Once Works Well was pure technology. Now it seeks merely to divert.
Pansy subjects - Verse! Opera! Domestic trivia! - are now commonplace.
The 300-word limit for posts is retained. The ego is enlarged

Wednesday 3 November 2010

It could probably do better than me

For some, chocolate triggers Ooh-ah; for me savoury stuff. Mrs BB’s no-name stew, is irrelevant here but acts as a sop for those uninterested in translating poetry.

Sam Leith, in the Guardian, writes about Google’s program for doing just that. It’s obvious to say it won’t work, he says, and cites the Google guy responsible (“evidently a software engineer with a hinterland”) who quotes Robert Frost: “Poetry is what gets lost in translation”. But, says Leith, it’s more useful to think about the ways it won’t work – or might.

Leith ignores wilfully difficult stuff and concentrates on what Auberon Waugh says “rhymes, scans and makes sense”. He defines what poets do quite cleverly (sorry, I haven’t the space) and concludes it’s a craft with multiple, but not infinite, possibilities which is where Google can help. Notably in rhyming since it’s simple to input a rhyming dictionary. Metre is harder but conventional prosody is largely binary - stressed and unstressed syllables - and binary is how Google treats them: “blank verse with iambic foot obeys the regular expression (01) while one with dactylic foot looks like (100).”

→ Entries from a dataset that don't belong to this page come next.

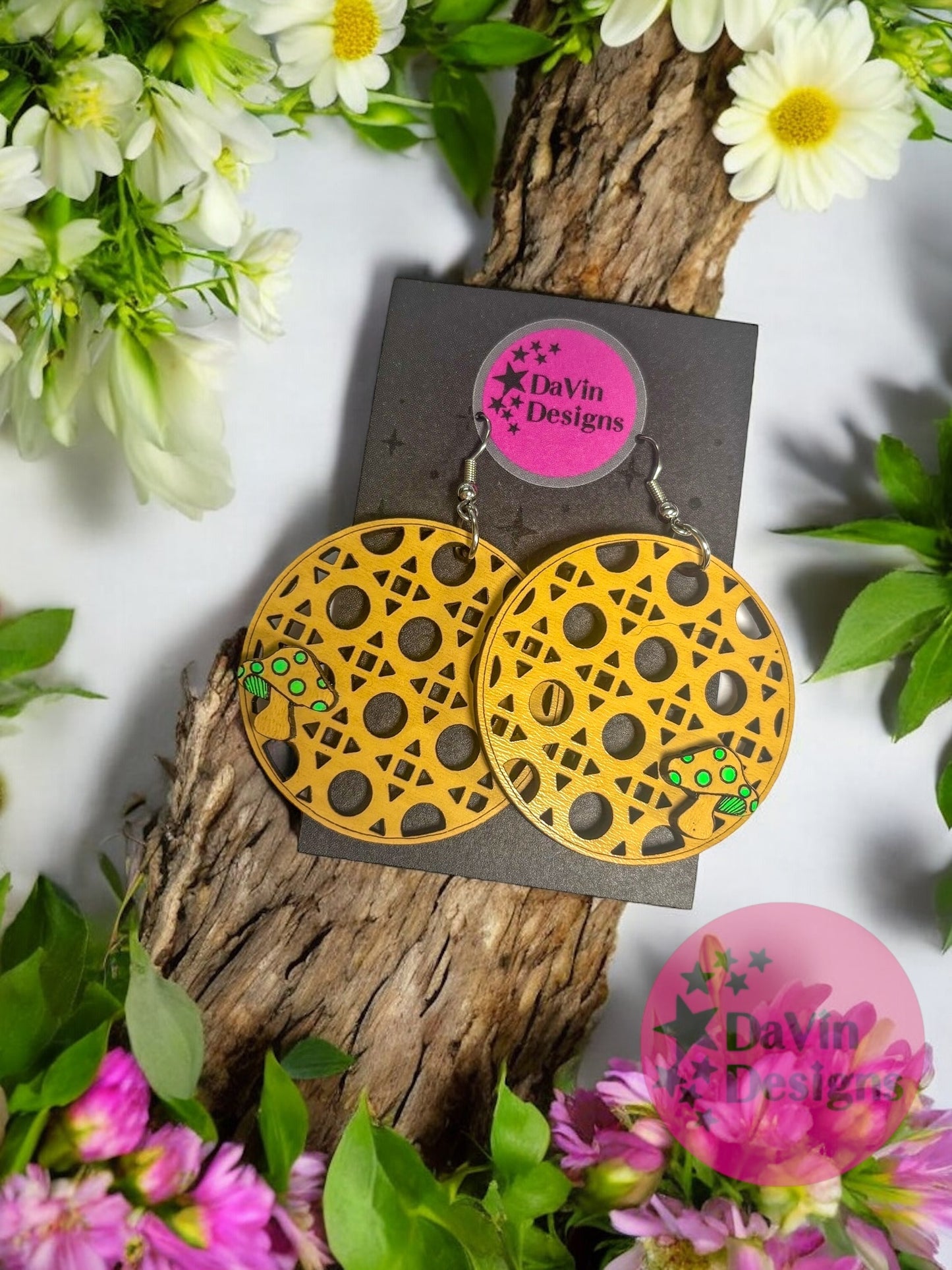 Rattan Mushroom Round Earrings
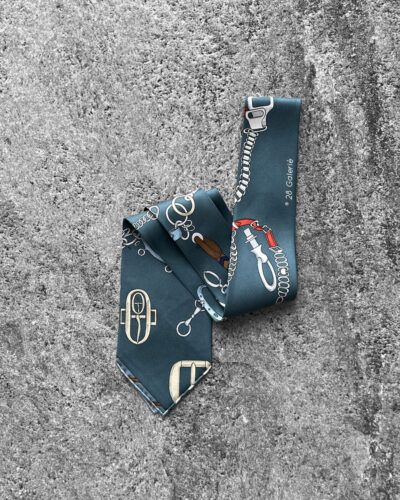 Hermes Les Chevaux Dechaines Tie - Ardoise CLair Corail Gris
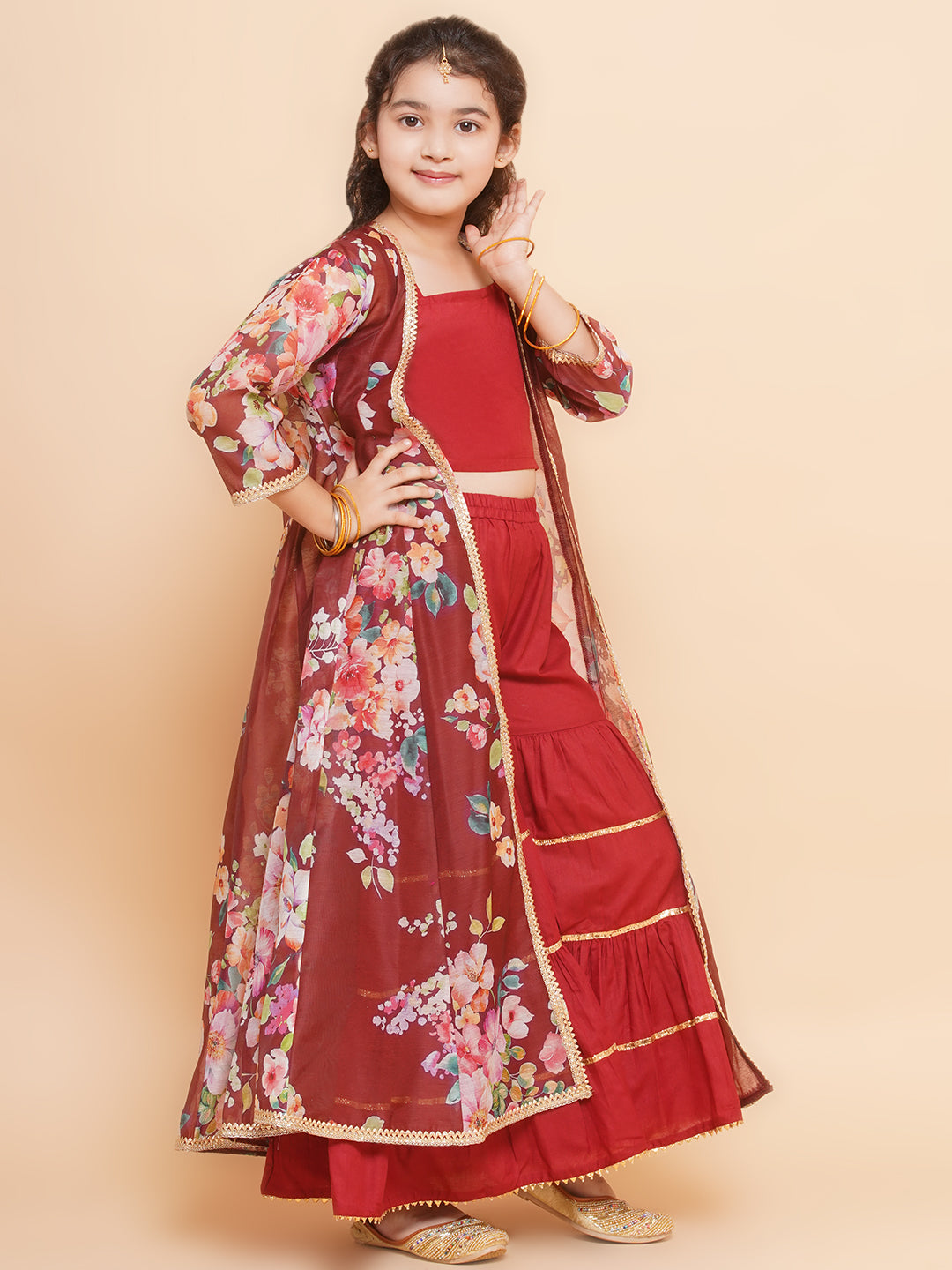 Girls Maroon Cami Saharara with Floral printed shrug - Bhama - Distacart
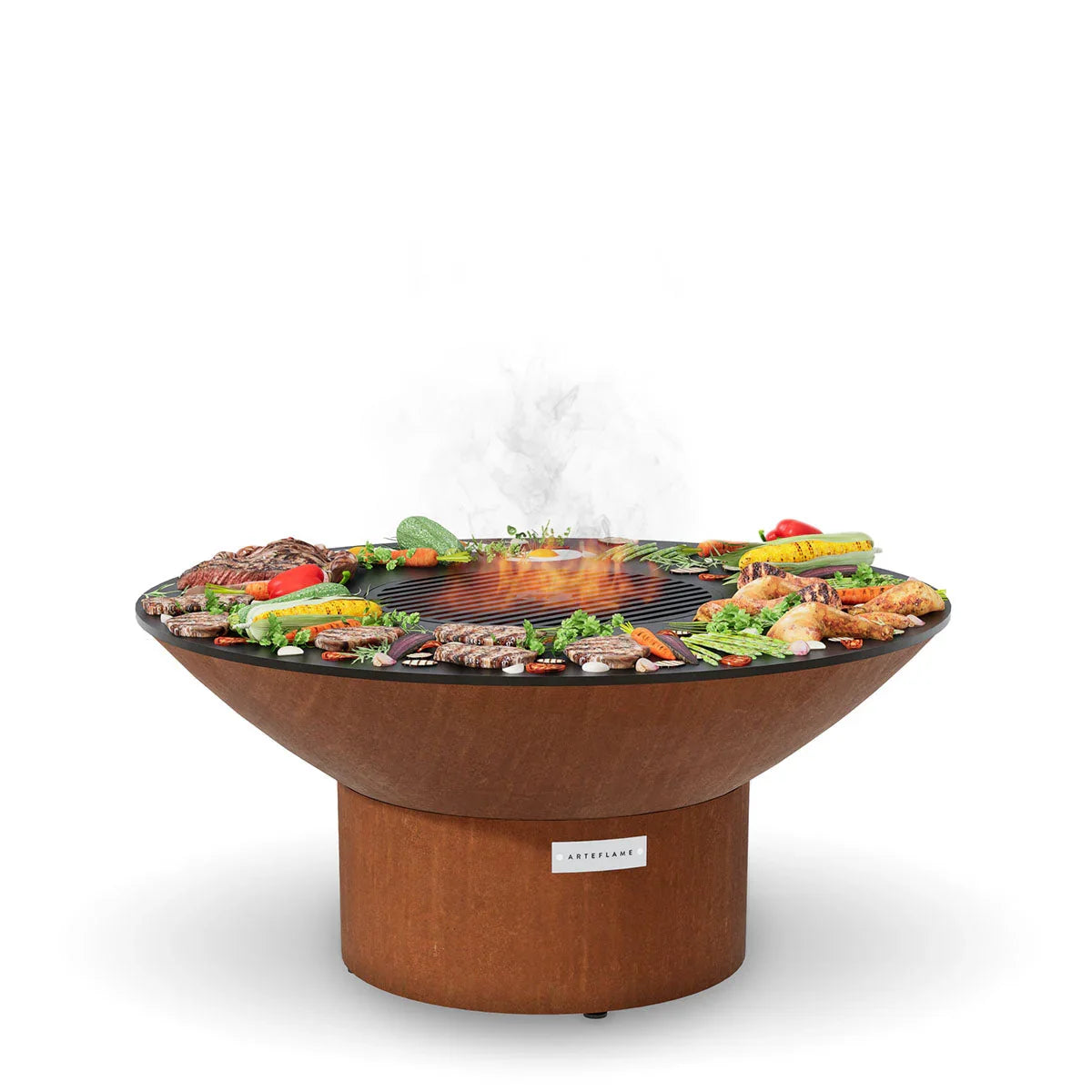 Arteflame Classic 40″ — Fire Pit with Cooktop (CORTEN Bowl; Short Round / Short Euro / Built-In No Base) - Green Vista Living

He concludes it isn’t impossible to imagine a computer being taught to write accurate doggerel. Oh heck, I’m running out of space but how about this. Faced with: “A police spokesman said three people had been arrested and the material was being examined”, Google supplied:
An officer stated that three were arrested
And that the equipment is currently tested

- said to be amphibrachic tetrameter. You may disagree.